### DATA PROVIDED
== Segment start ==
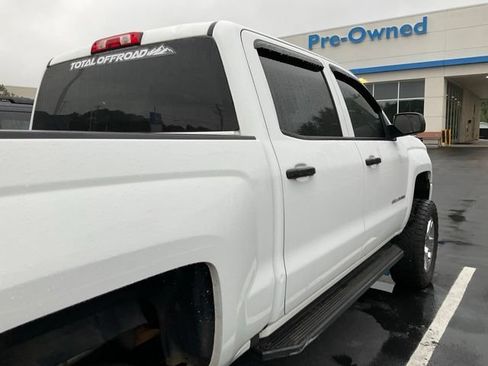 Used 2018 Chevrolet Silverado 1500 Custom w/ Custom Value Package AWD/4WD image 6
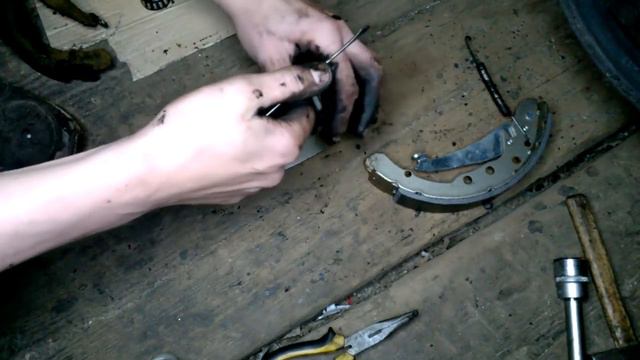 Замена ЗАДНИХ тормозных колодок на Passat B4.replacing the REAR brake pads on Passat B4  #NeМЕХАНИК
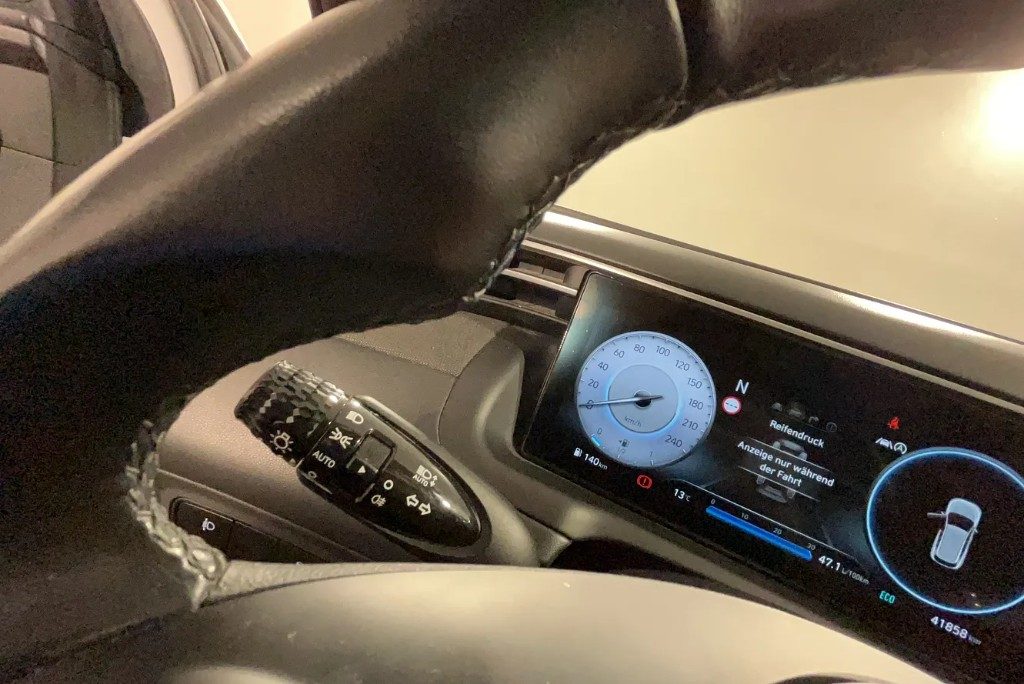 HYUNDAI Tucson 1.6 CRDI 48V XLine - 17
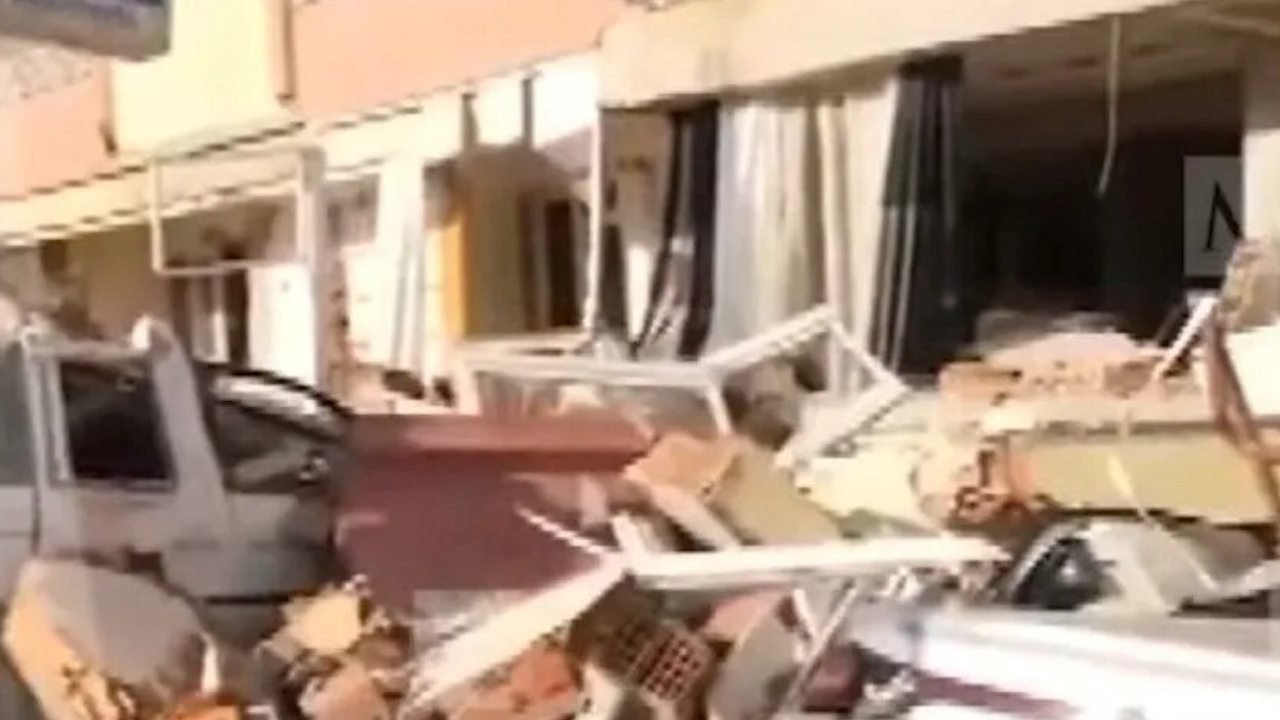 Topos de Tlatelolco buscan a familia bajo escombros de supermercado en Turquía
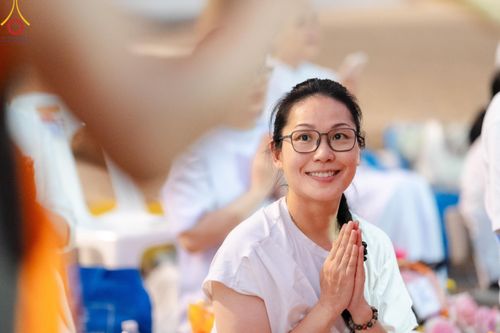 ภาพ No.202508:พิธีต้อนรับพระธรรมยาตรา ณ อนุสรณ์สถานลำดับที่ 7 สถานที่ขยายวิชชาธรรมกาย วัดพระธรรมกาย ต.คลองสาม อ.คลองหลวง จ.ปทุมธานี ในโครงการธรรมยาตรา กตัญญูบูชา มหาปูชนียาจารย์ พระมงคลเทพมุนี(สด จนฺทสโร) พระผู้ปราบมาร อนุสรณ์สถาน 7 แห่ง ปีที่ 13 วันที่ 26 มกราคม 2568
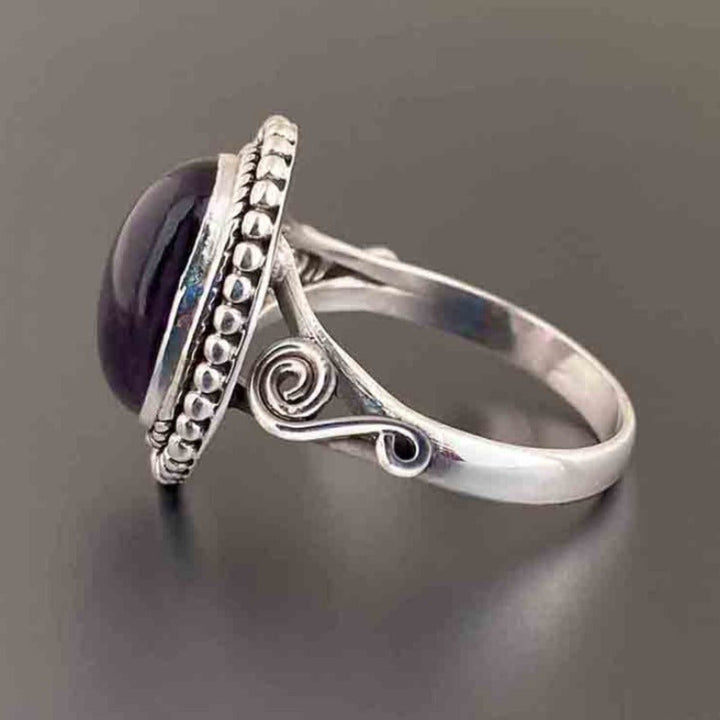 Vintage Oval Purple Zirconia Filigree Cocktail Ring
== Segment end ==
### YOUR INSTRUCTIONS
Leaving the pictures aside, write out only the lines from the one containing "ภาพ No.202508:พิธีต้อนรับพระธรรมยาตรา ณ" through the end of the material, exactly as they stand.

### WRITTEN RESPONSE
 ภาพ No.202508:พิธีต้อนรับพระธรรมยาตรา ณ อนุสรณ์สถานลำดับที่ 7 สถานที่ขยายวิชชาธรรมกาย วัดพระธรรมกาย ต.คลองสาม อ.คลองหลวง จ.ปทุมธานี ในโครงการธรรมยาตรา กตัญญูบูชา มหาปูชนียาจารย์ พระมงคลเทพมุนี(สด จนฺทสโร) พระผู้ปราบมาร อนุสรณ์สถาน 7 แห่ง ปีที่ 13 วันที่ 26 มกราคม 2568
 Vintage Oval Purple Zirconia Filigree Cocktail Ring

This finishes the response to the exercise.